The secret to a successful 2014 – How to become a better listener.

If there is one thing that will improve your performance as a leader in 2014, it’s becoming a better listener.

What do I mean by becoming a better listener? I mean listening to understand rather than listening to respond.

This is hard, because it requires you to slow down, and we all hate wasting time.
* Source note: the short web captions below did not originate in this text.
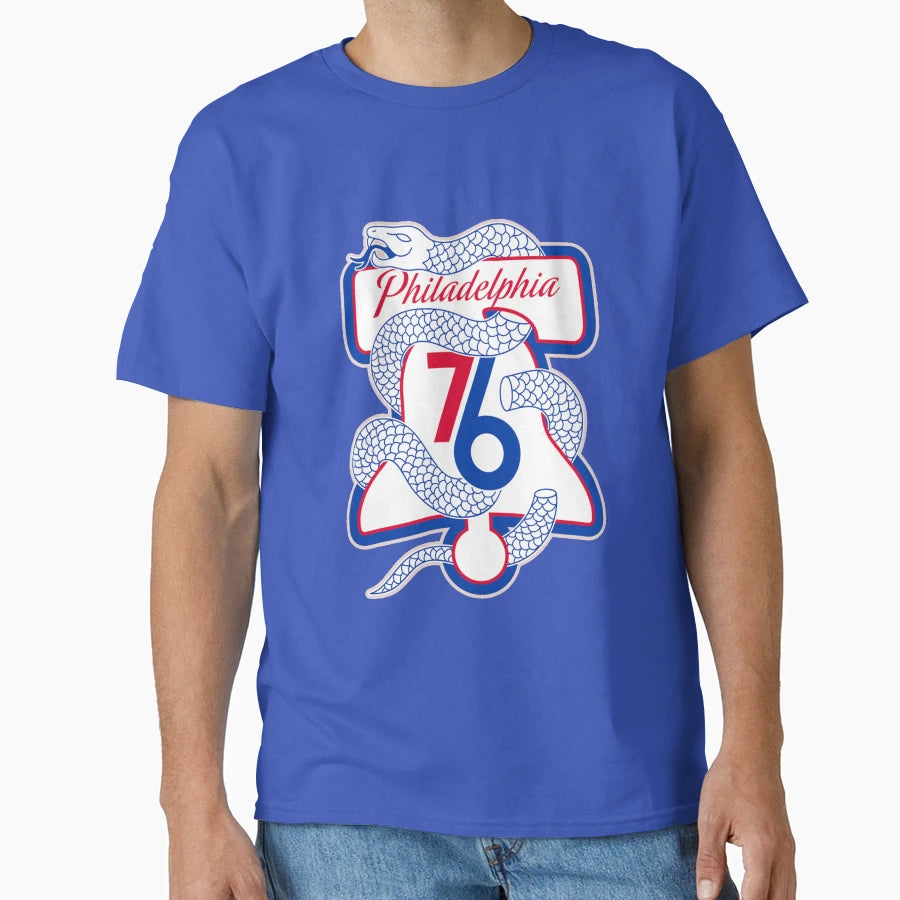 76Ers City T-Shirt - Minimalist Print for Adults - T-Shirt, Sweatshirt, Hoodie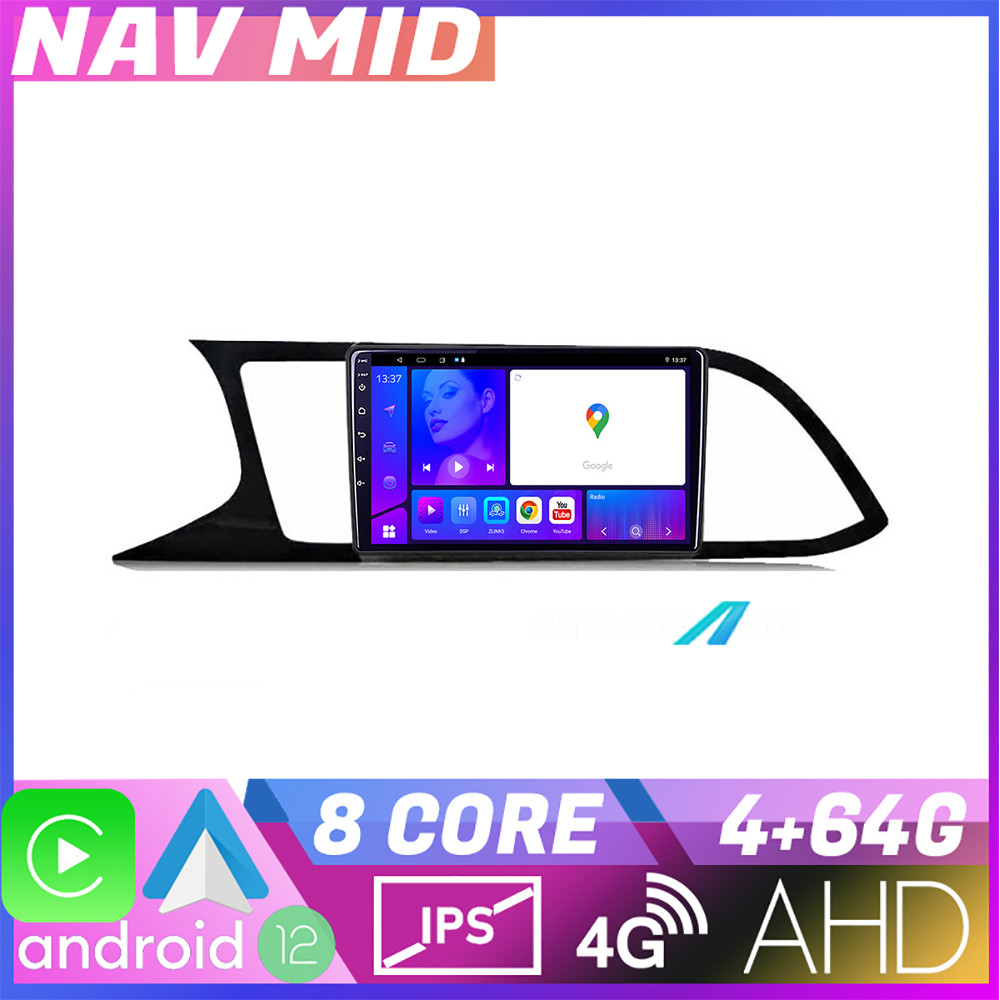 Navigație Seat Leon MIB Android 12 Octa Core 4GB RAM 64GB cu CarPlay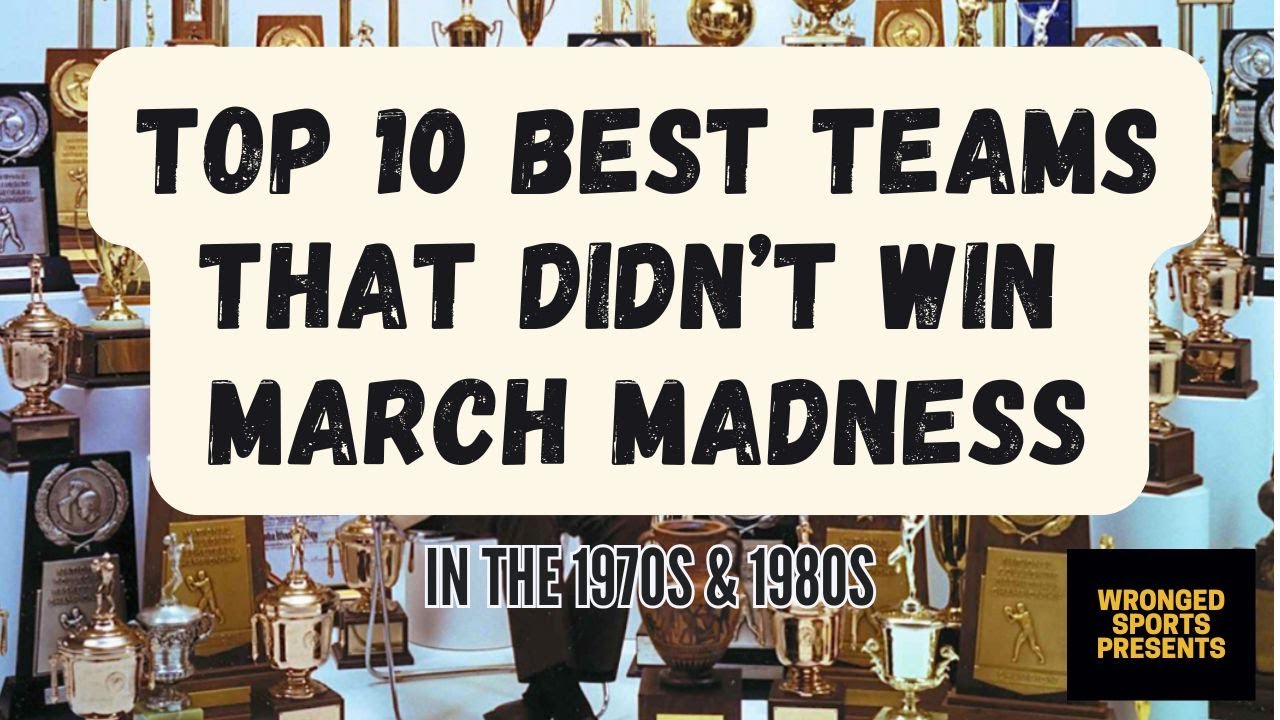 1970s & 80s Best Teams Without a National Title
But by slowing down just a little and taking the time to really listen to what the other person is saying, you will inevitably save time by gaining insight, avoiding misunderstandings, enhancing relationships and making better decisions.

In their excellent book, Becoming a Conflict Competent Leader, Craig Runde and Tim Flanagan offer six tips on becoming a better listener:

  1. Listen as if you’re hearing what the speaker is saying for the first time
  2. Listen with the intent to summarise the essence of the speaker’s statements [and summarise at the appropriate time to demonstrate you have understood what has been said]
  3. If you don’t understand something the speaker says, ask them to clarify what they mean
  4. Don’t interrupt the speaker
  5. When the speaker says something with which you disagree, don’t disagree in the moment. Instead hear the speaker out. Ask for more details. Or say, “I’m not sure I see it that way, but I’d like to hear more about it”
  6. When tempted to offer descriptions of your thoughts, position or views, first ask yourself if you have full comprehension of the other person’s thoughts, position and views

Communicating is more than listening to words. Peter Drucker said that the most important thing about communication “is hearing what isn’t said”. Look at the facial expressions. Listen to the tone and pitch of the voice. Observe the body language. These non-verbal cues will often tell you more than the words do.

Becoming a good listener is hard. It’s like mastering any challenging task (think golf, tennis, and piano). You need to focus and practice to stay on top of your listening game.

So next time you’re “listening” try and reflect and ask yourself three questions:

  • Am I really listening to what they are saying here? (or just thinking about what I’m going to say next or what I’m doing tonight)
  • Do I completely understand where they are coming from?
  • Is there anything I need to explore further?

When you think you have mastered the art, ask your partner, children or close friends the question, “Am I a good listener?” The answer will in all likelihood bring you back to earth.